On wordpress first:
I get followers and likes even though I have no views during the day and block viewers from reading the whole text on “reader”
On visual studio:
If one creates a raw socket, it doesn’t receive data from tcp/udp requests(neither from visual studio nor firefox)
If you create a non-blocking udp server, and try to modify a control without invoke the program simply closes without raising errors(It didn’t happen with the asynchronous tcp server I built yesterday)
About raw sockets again, it says on the tooltip that you need to create your own ip header, in practice it sends the header by itself.
“301 Moved Permanently” is what I get while trying to get wordpress.com/tag/X/ on php. However, Python urllib still works.
The tip I gave about getting wordpress /page/2 of tags no longer works…
I could pay some serious hosting but I’m under the impression they would make crawling impossible sooner rather than later. Also, without page2+ crawling there is no way I would be able to do any real search.

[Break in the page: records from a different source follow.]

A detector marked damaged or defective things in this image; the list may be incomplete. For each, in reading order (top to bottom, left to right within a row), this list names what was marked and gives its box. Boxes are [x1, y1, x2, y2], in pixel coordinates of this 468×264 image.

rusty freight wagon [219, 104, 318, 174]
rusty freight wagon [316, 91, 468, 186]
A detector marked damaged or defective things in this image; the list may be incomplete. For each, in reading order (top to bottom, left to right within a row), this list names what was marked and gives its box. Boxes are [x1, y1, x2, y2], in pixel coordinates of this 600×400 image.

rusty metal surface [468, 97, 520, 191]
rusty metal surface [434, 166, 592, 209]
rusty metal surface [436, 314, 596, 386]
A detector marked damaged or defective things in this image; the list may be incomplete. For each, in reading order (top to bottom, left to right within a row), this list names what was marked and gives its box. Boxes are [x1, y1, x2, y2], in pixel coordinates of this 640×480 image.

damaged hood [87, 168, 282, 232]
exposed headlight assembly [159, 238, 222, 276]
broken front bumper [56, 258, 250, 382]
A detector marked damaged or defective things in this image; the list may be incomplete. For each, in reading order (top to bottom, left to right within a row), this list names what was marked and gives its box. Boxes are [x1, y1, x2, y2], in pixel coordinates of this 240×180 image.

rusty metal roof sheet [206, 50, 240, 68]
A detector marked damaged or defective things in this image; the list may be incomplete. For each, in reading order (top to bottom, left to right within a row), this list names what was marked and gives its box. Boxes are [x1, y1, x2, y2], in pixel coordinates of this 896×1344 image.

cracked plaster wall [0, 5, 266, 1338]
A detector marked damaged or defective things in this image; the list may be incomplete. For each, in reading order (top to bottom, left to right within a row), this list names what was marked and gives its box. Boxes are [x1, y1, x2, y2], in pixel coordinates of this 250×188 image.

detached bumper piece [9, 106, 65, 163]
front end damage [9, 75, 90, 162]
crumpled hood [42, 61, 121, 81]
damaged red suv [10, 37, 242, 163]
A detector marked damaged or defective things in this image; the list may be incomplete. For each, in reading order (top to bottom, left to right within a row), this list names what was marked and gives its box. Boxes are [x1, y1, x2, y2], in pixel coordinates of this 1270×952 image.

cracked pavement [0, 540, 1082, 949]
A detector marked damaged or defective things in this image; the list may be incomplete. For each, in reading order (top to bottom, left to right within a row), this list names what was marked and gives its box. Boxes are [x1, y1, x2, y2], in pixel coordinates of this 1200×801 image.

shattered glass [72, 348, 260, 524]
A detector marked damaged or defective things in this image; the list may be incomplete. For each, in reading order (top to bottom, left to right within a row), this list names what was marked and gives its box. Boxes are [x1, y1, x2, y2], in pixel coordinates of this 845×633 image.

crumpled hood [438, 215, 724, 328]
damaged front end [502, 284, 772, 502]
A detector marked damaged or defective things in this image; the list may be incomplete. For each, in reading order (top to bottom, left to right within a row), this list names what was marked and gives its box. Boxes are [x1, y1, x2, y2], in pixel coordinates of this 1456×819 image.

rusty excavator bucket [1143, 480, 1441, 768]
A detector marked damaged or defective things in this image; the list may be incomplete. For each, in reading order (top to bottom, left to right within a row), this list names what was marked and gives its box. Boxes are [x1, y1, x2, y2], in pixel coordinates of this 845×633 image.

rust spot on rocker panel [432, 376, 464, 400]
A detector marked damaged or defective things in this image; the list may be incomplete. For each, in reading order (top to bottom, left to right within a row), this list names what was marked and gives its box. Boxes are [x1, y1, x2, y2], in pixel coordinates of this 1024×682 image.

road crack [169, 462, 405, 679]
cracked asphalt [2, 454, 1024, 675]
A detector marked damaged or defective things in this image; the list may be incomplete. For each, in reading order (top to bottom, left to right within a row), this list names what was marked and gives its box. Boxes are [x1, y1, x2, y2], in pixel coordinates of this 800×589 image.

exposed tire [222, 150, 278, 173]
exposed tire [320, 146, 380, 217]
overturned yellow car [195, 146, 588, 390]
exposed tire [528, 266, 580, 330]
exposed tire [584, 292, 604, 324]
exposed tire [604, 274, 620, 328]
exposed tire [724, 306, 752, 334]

After months thinking about how to crawl wordpresses jumping from blog to blog or simply asking for bloggers to register their blogs or even asking random users to index a post I was quite upset. No alternative seemed good enough. Relevant content needs to be updated continually, needs to be fresh. I tried finding a feed for specific tags on wordpress.com, failing. I even thought today about filtering bing’s results for a given tag a selecting only *.wordpress.com websites, then showing to my users. But then I tried getting a wordpress.com/some_tag page using python script(not mozilla). And all posts urls showed up, as well as titles and even descriptions; a crawl-able website. Not only that, but I can also get older pages by adding “/page/x” where x is [2..Inf]
Unbelievable. That’s exactly what I wanted. Now let’s hope PHP can also get those crawler-friendly pages so I don’t need to pay a python-enabled host.